Free speech is a fundamental right so is democracy. The fundamental problem with both of the above is that it assumes that people know everything and act just. Both of which are not true. examples:- WMD in Iraq and bush voted in for a second term. This is happening in one of the most literate places in the world.

#17
Lakshmikanth
URL
December 3, 2007
04:50 PM

sam: extremism...

Dee/SS/and others
if you look at disney's Indian Jones adventure ride here in california. Its one of the most racists and boorish portrayals about indian culture. Wonder why no one is making a big deal about it. Especially on the fact that it is based on a monumentally racist crap of a movie: indiana jones and the temple of doom :) equals the racist adventures of rudyard kipling.

Free speech is a fundamental right so is democracy. The fundamental problem with both of the above is that it assumes that people know everything and act just. Both of which are not true. examples:- WMD in Iraq and bush voted in for a second term. This is happening in one of the most literate places in the world.

#18
Athreya
December 3, 2007
05:26 PM

Ignorance permeates all skin types and religions ! It is not racial but quite rampant : SS had her moments at the hospital in India; I usually have 9 of 10 people butcher the pronunciation of my name(including my manager of 5 years); at the mention of Asia, people fold hands (Tyra Banks was in China and she was doing namaste every 2 seconds!) ; drapes of gaudy silk sarees passes as Indian themed curtains on TV makeover shows...

Two weeks ago on a marketing trip, presented with sheer intelligence, I had to react thus:

Her: How are Indians so good at software? I just don't get it!

Me: Thanks, but why? What's so surprising?

Her: But isn't India like, full of slums and poor people?

Me: Yes, We do have abject poverty in areas...

Her: So how can they teach computers to so many people? I don't get it ..

Me: We are usually trained on old Remington typewriters till we land in the US!

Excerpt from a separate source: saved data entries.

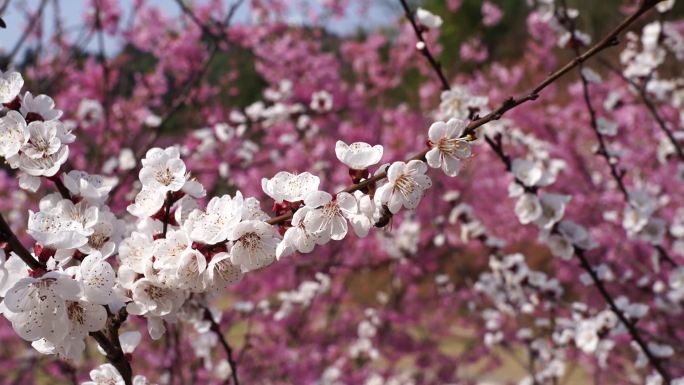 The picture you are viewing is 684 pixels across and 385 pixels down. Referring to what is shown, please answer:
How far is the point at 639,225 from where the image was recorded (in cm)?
212

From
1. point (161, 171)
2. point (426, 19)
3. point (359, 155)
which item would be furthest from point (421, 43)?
point (161, 171)

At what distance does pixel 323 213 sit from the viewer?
104 centimetres

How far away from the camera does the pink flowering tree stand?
1.04 meters

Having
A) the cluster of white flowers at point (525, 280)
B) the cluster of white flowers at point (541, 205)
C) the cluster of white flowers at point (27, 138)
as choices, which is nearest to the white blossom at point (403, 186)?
the cluster of white flowers at point (27, 138)

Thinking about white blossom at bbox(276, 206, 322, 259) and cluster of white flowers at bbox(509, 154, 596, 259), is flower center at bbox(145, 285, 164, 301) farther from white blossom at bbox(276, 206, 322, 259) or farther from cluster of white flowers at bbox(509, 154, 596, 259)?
cluster of white flowers at bbox(509, 154, 596, 259)

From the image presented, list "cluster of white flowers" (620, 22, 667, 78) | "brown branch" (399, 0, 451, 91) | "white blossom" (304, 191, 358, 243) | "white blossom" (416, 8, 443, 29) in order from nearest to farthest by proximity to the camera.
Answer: "white blossom" (304, 191, 358, 243)
"brown branch" (399, 0, 451, 91)
"white blossom" (416, 8, 443, 29)
"cluster of white flowers" (620, 22, 667, 78)

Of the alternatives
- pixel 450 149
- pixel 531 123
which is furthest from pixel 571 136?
pixel 450 149

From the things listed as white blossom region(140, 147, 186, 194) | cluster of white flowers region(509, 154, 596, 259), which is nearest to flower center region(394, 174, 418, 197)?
white blossom region(140, 147, 186, 194)

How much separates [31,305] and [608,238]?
18.0ft

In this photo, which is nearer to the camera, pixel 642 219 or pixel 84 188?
pixel 84 188

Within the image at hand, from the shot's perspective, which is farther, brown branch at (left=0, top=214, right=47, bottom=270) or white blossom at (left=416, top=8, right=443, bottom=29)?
white blossom at (left=416, top=8, right=443, bottom=29)

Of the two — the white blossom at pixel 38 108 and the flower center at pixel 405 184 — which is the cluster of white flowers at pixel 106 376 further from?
the flower center at pixel 405 184

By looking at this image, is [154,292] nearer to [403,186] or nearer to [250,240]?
[250,240]

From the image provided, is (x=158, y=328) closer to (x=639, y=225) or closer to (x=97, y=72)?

While ignorance is omnipresent, tolerance is not. The teacher was made a scapegoat for her ignorance. And they threatened execution! give her a break..

#19
sam
URL
December 3, 2007
05:42 PM

I always get:

Oh you speak English very well.

Which always reminds me of the episode from Mind your Language where Ms Courtney says the same thing to an Arab.

His response: "I'm glad my 15 years at Oxford were not wasted!"

Is pretty similar to mine :D

#20
Mike Ghouse
URL
December 3, 2007
11:57 PM

You have a great mind, a mind that seeks peace and has the ability to see another point of view.

Last night I was watching Geraldo Riviera at large, he was interviewing a reporter in Khartoum, who was coming out of a church after the prayer service. Riveira asks the reporter "Aren't the Sudanese ashamed of what the world thinks of them?... ho ho ho.

I hope he asks the same question to our president, "aren't you ashamed of what the world thinks of us? " Very few journalists have the guts to ask that question.

But it demonstrates your point as well. It is easy to jump on others. I have written a piece called " Where is the Muslim outrage" on this forum.